*Data excerpt*:
= Beginning of Section =

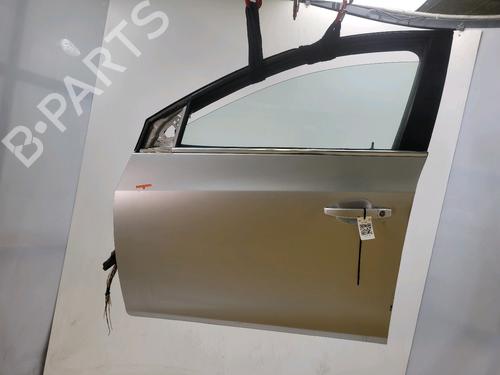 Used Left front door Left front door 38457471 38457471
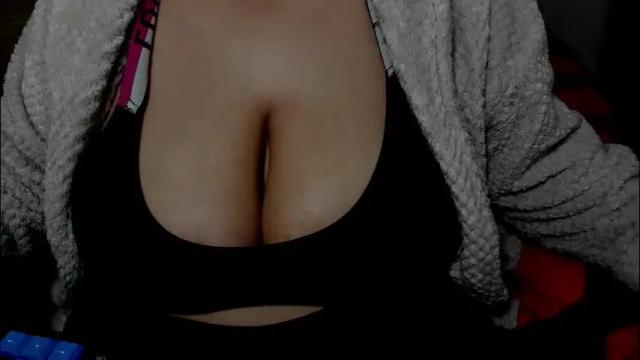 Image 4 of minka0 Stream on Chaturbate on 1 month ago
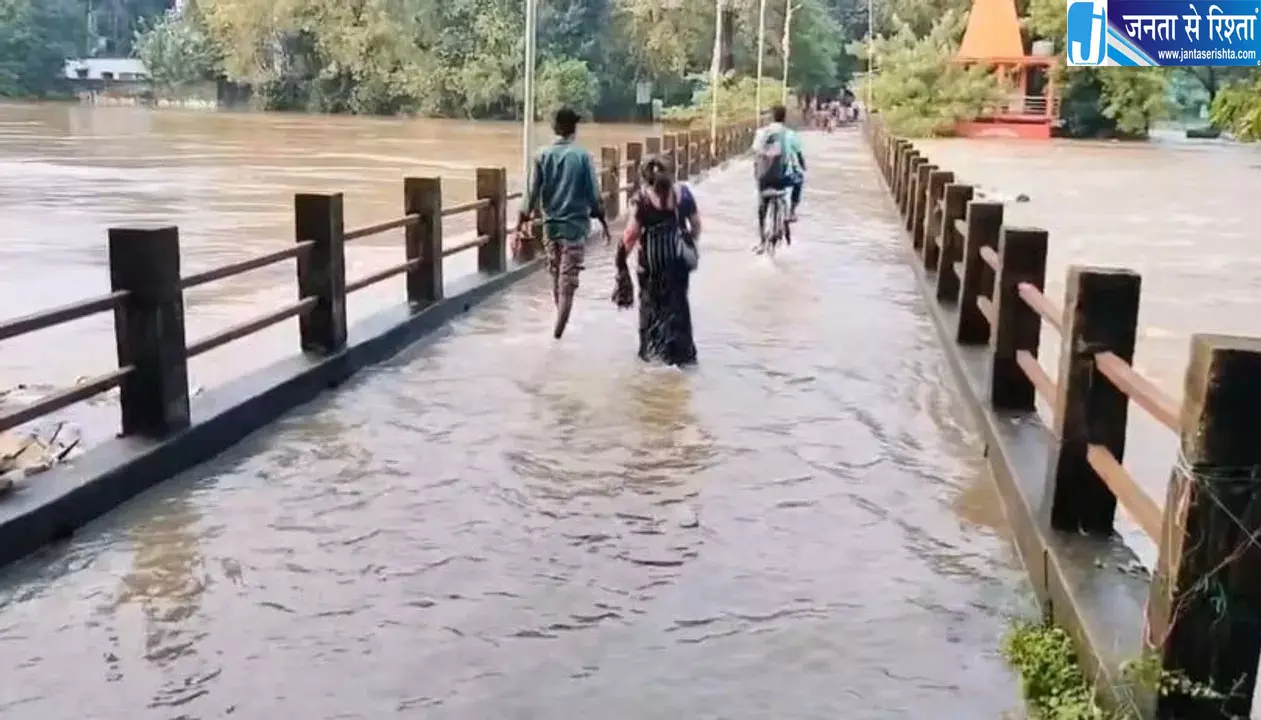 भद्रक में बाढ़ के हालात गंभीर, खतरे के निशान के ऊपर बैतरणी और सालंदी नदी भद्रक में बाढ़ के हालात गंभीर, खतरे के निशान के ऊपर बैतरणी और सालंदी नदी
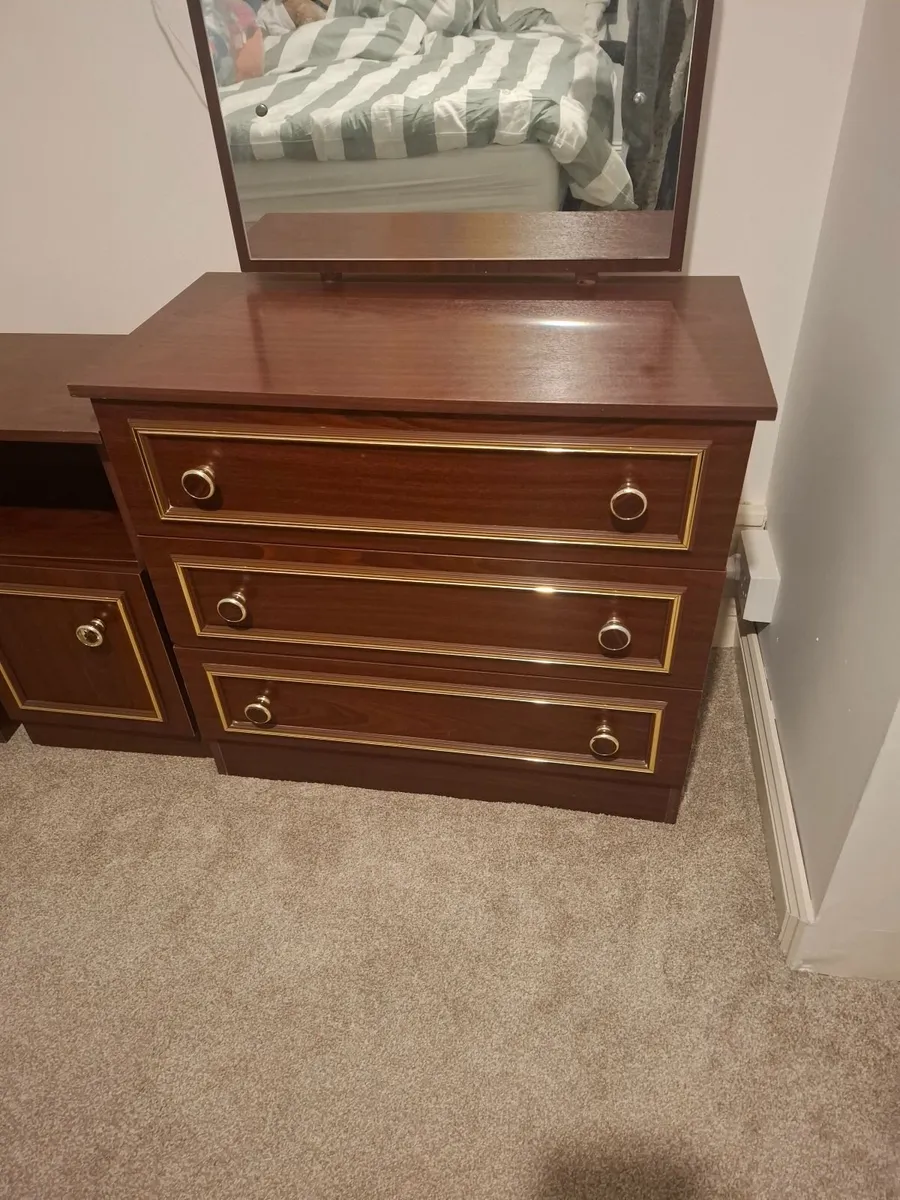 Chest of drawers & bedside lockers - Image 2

= End of Section =

*Brief*:
Copy the data character for character, but drop all pictures from the copy.

*Problem solution*:
 Used Left front door Left front door 38457471 38457471
 Image 4 of minka0 Stream on Chaturbate on 1 month ago
 भद्रक में बाढ़ के हालात गंभीर, खतरे के निशान के ऊपर बैतरणी और सालंदी नदी भद्रक में बाढ़ के हालात गंभीर, खतरे के निशान के ऊपर बैतरणी और सालंदी नदी
 Chest of drawers & bedside lockers - Image 2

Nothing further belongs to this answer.